This is the code used to generate HandMeThat Dataset and evaluate agents on it.
HandMeThat: Human-Robot Communication in Physical and Social Environments
Yanming Wan*, Jiayuan Mao*, and Joshua B. Tenenbaum
[Paper] [Supplementary Material] [Project Page] (* indicates equal contributions.)
Clone this repository:
git clone https://github.com/Simon-Wan/HandMeThat
Clone the third party repositories (XTX, ALFWorld):
git clone https://github.com/princeton-nlp/XTX.git
git clone https://github.com/alfworld/alfworld.git
Add the packages to your PYTHONPATH
environment variable.
export PYTHONPATH=.:$PYTHONPATH:<path_to_xtx>:<path_to_alfworld>
Create a conda environment for HandMeThat, and install the requirements.

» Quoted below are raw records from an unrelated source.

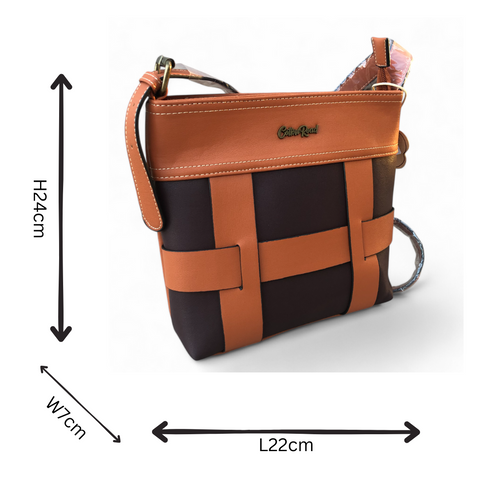TAN and BROWN PU Leather Cotton Road Sling Bag with STRAP detailing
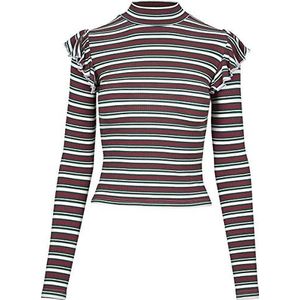 Urban Classics Dames shirt met lange mouwen geribbeld, meerkleurig (wit/groen/Firered 01316)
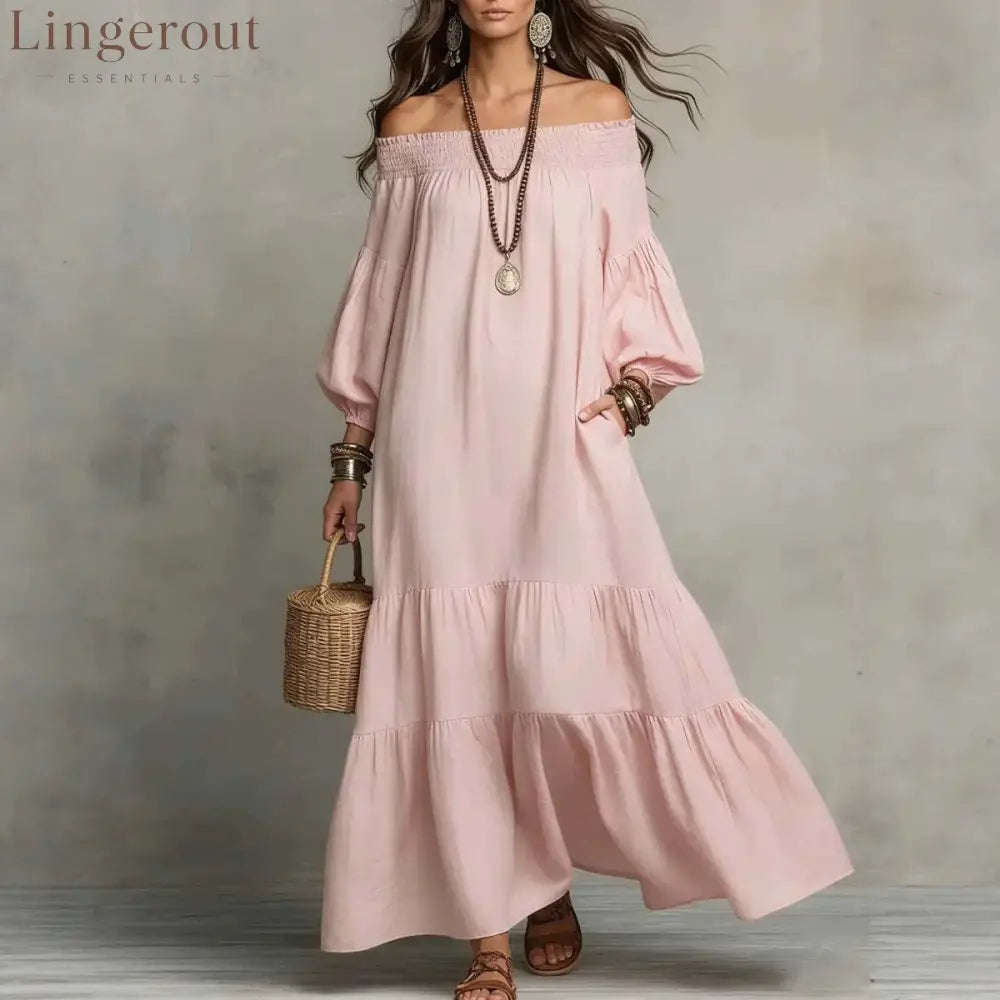 Boho Off-Shoulder Flowy Maxi Dress
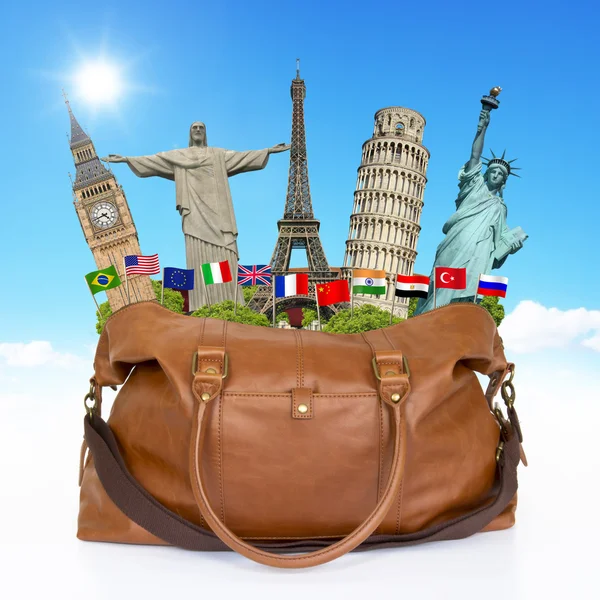 Viajar por el mundo monumentos bolsa concepto — Foto de Stock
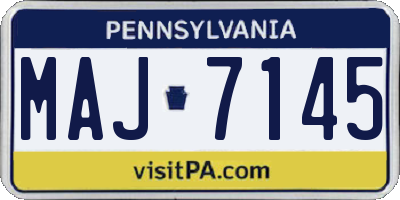 PA license plate MAJ7145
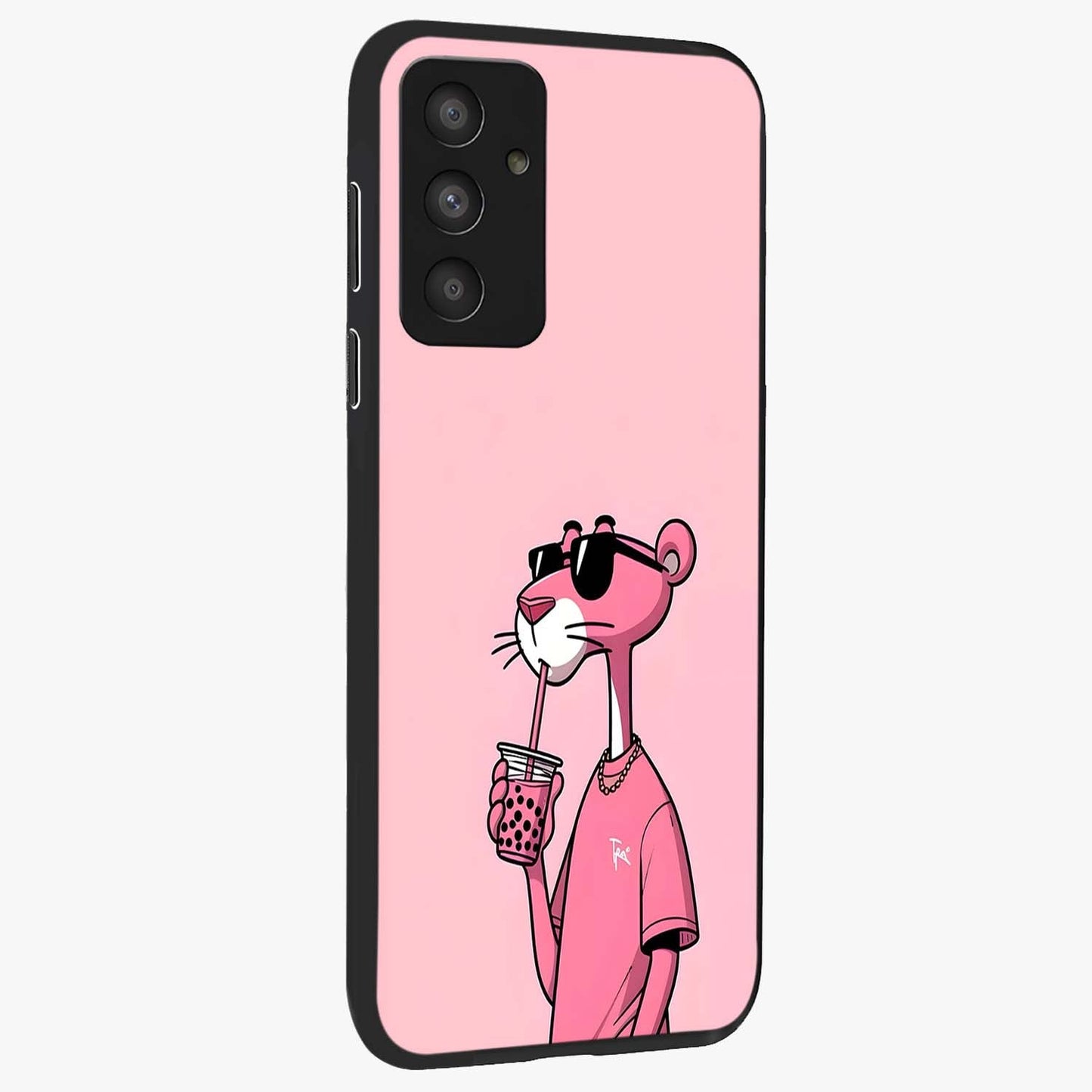 Pink Panther Glass Case upright view showcasing fun animated artwork with stylish retro cartoon theme.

conda create -n hand-me-that python=3.9
conda activate hand-me-that
conda install pytorch torchvision torchaudio cudatoolkit=11.3 -c pytorch
conda install numpy scipy pyyaml networkx tabulate
conda install h5py tqdm click transformers
conda install -c conda-forge importlib_metadata
pip install jericho lark textworld opencv-python ai2thor jacinle
python -m spacy download en_core_web_sm
This includes the required python packages from the third-party repositories.
We provide 2 versions of the HandMeThat dataset. Version 1 is the original dataset presented in HandMeThat paper. Version 2 is a later version with more data pieces on fewer tasks. Please refer to Dataset Generation section for more details.

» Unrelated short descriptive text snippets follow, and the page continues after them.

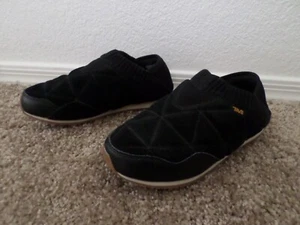 Mocassino slip on Teva nero Ember scamosciato foderato in lana di shearling taglia 8 - Foto 1 di 8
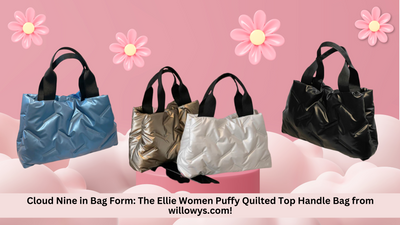 Cloud Nine in Bag Form: The Ellie Women Puffy Quilted Top Handle Bag from willowys.com!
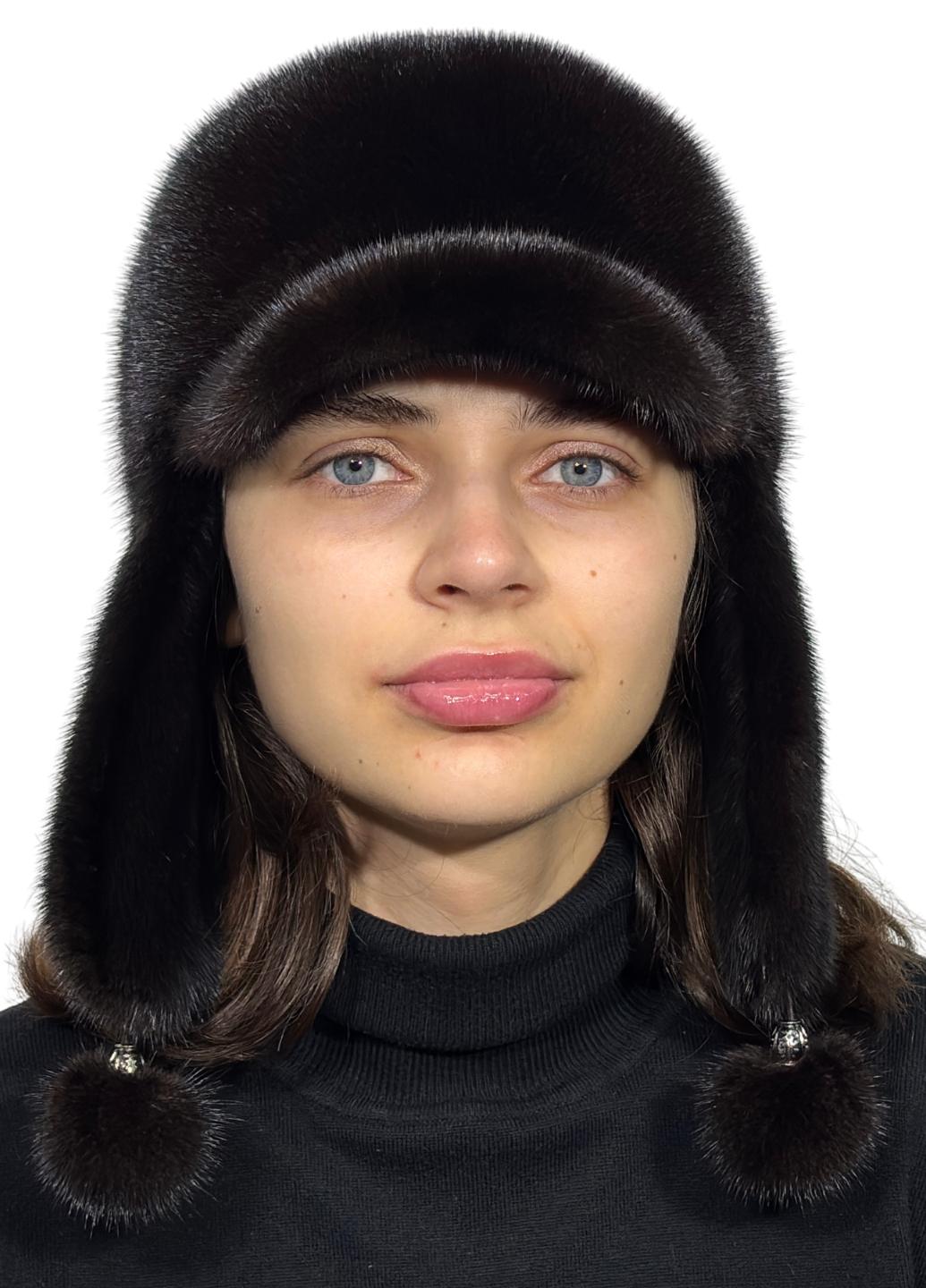 Шапка женская Меховой стиль Комбинированная Ушанка из натурального меха норки M-L Темно-коричневый (058/1/A)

Download the version 1 (V1) dataset from Google Drive link
and place the zipped file at ./datasets/v1
.
Unzip the dataset so that ./datasets/v1/HandMeThat_with_expert_demonstration
is a folder containing 10,000 json files.
Download the version 2 (V2) dataset from Google Drive link and place the files at ./datasets/v2
.
Unzip the dataset so that ./datasets/v2/HandMeThat_with_expert_demonstration
is a folder containing 116,146 json files.
The data split information is presented in ./datasets/v2/HandMeThat_data_info.json
.
Play a HandMeThat game:
from data_generation.text_interface.jericho_env import HMTJerichoEnv
import numpy as np
step_limit = 40
dataset = './datasets/v2/HandMeThat_with_expert_demonstration'
eval_env = HMTJerichoEnv(dataset, split='test', fully=False, step_limit=step_limit)
obs, info = eval_env.reset()
print(obs.replace('. ', '.\n'))
for _ in range(step_limit):
action = input('> ')
# uncomment the following part to get started with a random agent instead
# _ = input('Press [Enter] to continue')
# action = np.random.choice(info['valid'])
# print('Action:', action)
obs, reward, done, info = eval_env.step(action)
print(obs.replace('. ', '.\n'), '\n\n')
if done:
break
print('moves: {}, score: {}'.format(info['moves'], info['score']))
Run python main.py
to execute the quickstart code.
To generate HandMeThat dataset:
python data_generation/generation.py --num 1000 --quest_type bring_me
To generate HandMeThat data on some particular goal, use the argument --goal to specify the goal index.
- The object hierarchy and initial position sampling space are specified in text files.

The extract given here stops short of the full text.